The Great couch debate

added 5/2/2007 by Scott Barzilla

You can picture the typical scared Little Leaguer sitting at the plate with his bat on his shoulder. He doesn't take the bat off of his shoulder and hopes for the walk. Now, picture the same thing in your everyday third baseman. Is this cause for concern? Does having a player that would rather draw a walk than swing at a bad pitch make sense? These questions are vexing questions and depend greatly on which side of the fence you stand.

The two approaches are what we might call the traditional approach versus the empirical approach. Everyone knows where I stand on the issue, but I will try to be as even-handed as I possibly can. Both sides have their points and both sides have strong allies inside and outside the game. Even though I have been strongly in favor of the empirical approach I have tried to keep an open mind for the traditional.

Ironically, both sides have been accused of being arrogant. The traditionalists insist they don't need the numbers because they understand the game on a higher level. The empircalists consider those folks to be members of a flat earth society ready to harken baseball back to the Dark Ages. The truth is usually somewhere in between.

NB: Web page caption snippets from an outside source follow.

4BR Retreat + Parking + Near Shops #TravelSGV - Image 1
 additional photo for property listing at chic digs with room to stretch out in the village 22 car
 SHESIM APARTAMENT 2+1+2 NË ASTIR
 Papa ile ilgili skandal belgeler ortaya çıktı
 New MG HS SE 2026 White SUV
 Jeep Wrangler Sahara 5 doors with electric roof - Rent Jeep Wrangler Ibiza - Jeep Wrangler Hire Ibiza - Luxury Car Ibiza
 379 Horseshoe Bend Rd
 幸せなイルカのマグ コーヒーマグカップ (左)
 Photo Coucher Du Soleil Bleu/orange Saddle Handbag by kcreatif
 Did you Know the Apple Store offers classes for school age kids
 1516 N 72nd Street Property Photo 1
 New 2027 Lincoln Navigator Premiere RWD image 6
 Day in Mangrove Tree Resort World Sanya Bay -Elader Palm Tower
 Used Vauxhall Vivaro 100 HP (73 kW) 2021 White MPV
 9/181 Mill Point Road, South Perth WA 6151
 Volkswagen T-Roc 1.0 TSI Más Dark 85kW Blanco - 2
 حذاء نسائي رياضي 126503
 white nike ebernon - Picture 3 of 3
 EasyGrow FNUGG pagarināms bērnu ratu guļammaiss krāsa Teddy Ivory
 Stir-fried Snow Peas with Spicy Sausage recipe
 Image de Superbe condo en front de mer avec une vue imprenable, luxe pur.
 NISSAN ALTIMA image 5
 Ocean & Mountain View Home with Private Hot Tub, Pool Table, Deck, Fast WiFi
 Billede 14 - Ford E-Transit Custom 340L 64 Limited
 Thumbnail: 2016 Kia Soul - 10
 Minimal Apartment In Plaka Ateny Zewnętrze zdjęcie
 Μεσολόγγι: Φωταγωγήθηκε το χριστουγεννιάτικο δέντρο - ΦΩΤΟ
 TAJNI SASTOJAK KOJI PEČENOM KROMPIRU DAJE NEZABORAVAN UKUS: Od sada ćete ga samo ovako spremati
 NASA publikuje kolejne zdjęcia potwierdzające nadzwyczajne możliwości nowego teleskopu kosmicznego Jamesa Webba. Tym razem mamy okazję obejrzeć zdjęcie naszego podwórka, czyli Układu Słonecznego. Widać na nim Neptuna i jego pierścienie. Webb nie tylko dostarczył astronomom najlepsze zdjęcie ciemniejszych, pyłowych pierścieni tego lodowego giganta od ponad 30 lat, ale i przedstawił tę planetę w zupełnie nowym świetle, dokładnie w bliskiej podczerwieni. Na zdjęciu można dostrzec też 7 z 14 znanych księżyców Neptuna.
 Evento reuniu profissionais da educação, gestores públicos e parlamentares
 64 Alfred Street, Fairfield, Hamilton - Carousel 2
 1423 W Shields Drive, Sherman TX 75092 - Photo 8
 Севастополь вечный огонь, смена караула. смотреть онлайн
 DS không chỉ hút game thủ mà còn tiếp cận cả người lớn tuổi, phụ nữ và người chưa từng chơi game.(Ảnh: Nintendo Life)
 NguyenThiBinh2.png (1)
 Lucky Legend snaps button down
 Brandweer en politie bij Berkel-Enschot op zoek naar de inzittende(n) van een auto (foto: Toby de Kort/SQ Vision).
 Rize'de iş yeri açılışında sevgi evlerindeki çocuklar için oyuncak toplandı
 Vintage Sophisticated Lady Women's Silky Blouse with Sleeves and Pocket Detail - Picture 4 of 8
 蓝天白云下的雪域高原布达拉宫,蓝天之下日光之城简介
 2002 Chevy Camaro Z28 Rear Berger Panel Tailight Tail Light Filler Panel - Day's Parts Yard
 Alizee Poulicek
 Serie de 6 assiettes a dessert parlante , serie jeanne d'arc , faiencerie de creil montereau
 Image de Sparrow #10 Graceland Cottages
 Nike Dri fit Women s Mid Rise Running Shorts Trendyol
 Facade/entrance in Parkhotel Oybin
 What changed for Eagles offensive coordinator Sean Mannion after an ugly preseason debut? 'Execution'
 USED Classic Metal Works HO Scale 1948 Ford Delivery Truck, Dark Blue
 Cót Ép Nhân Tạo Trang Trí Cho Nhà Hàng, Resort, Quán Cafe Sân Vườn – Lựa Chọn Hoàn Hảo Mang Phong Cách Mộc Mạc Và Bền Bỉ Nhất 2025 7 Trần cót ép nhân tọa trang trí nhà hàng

Of course, personality comes into play here as well. Often, I think it is odd that I am trained as a counselor and trained to deal in human emotions. Yet, here I am largely arguing for an empirical approach. I learned a great deal from coaching teenage girls this past year. I was ultimately in charge of deciding who would make the team, play, and where they would play. So, I am the general manager and coach of the team. More important than statistics are the relationships I've forged with the players. Each one is different and demand different things. It's the most challenging and rewarding thing I've done in my life.

One of the bulletin board posters talked about his tenure as a baseball coach. He let his assistant coaches do stats. I have no assistant coaches. Often, I would love to have someone do stats because it might help during a game. I remember on one occasion that someone told me a certain player had made sixteen errors in a match. This was news to me because I get so involved in every play that I don't count these things. It would have been nice to know.

This is where the empirical approach comes back into the fore. More and more baseball managers are using it. Eyewitness accounts are notoriously inaccurate. Police have problems with eyewitness testimony and we know from watching the game that our responses are often in part emotional. We are elated when the hometown guy gets a big hit. We are dejected, upset, or frustrated when he does not. These events are embedded in our memory and serve to distort our perspective.

Therefore, relying at least in part on numbers makes sense. Once we make that leap in logic, it only makes sense to continue to study numbers that correlate more strongly with what we are ultimately after. Simply put, this would be run production and run prevention. Usually, our eyewitness accounts jive with the empirical study. You don't need a stat geek like myself to tell you Arod is a very good hitter. The issue comes down when you have someone like Morgan Ensberg. The numbers and traditional eyewitness approaches don't agree.

I find myself being more and more in the middle on the issue. Any idiot can see that Ensberg isn't very aggressive at the plate. Everyone notices when he fails to drive a run in. Sometimes he takes a free pass instead and sometimes he looks a strike three. We could look at this behavior as being scared, being selfish, or the mark of a disciplined hitter. Having weaker hitters hitting behind him obviously plays a role in this.

The lesson I learned very quickly in the coaching process was that I could bang my head over what my players couldn't or wouldn't do. I could drill them over and over again on those things. I could yell and scream about the things they weren't doing. Sadly, none of these methods would be successful. At the end of the day it made a lot more sense to focus on what they could do and develop that. Somehow, I just don't see baseball and volleyball being that different in this regard.

One of the things that empirical data does indicate is that most baseball players do not change their approach to hitting much after entering the big leagues. Sure, they'll be more refined as they continue, but a free swinger will always be a free swinger and the picky "nerd" will always be the picky "nerd." You can bang your head about that, but all you will do is take more aspirin.

The final result of the debate is that you have some that believe Ensberg should sit or be traded while others believe he should continue on as is. Those on the trade Ensberg side should be aware of what they are dealing. There are places where patience at the plate come in handy. If they acknowledge the patience and its value and still want him traded I will not object. It would just be a shame to throw the baby out with the bath water.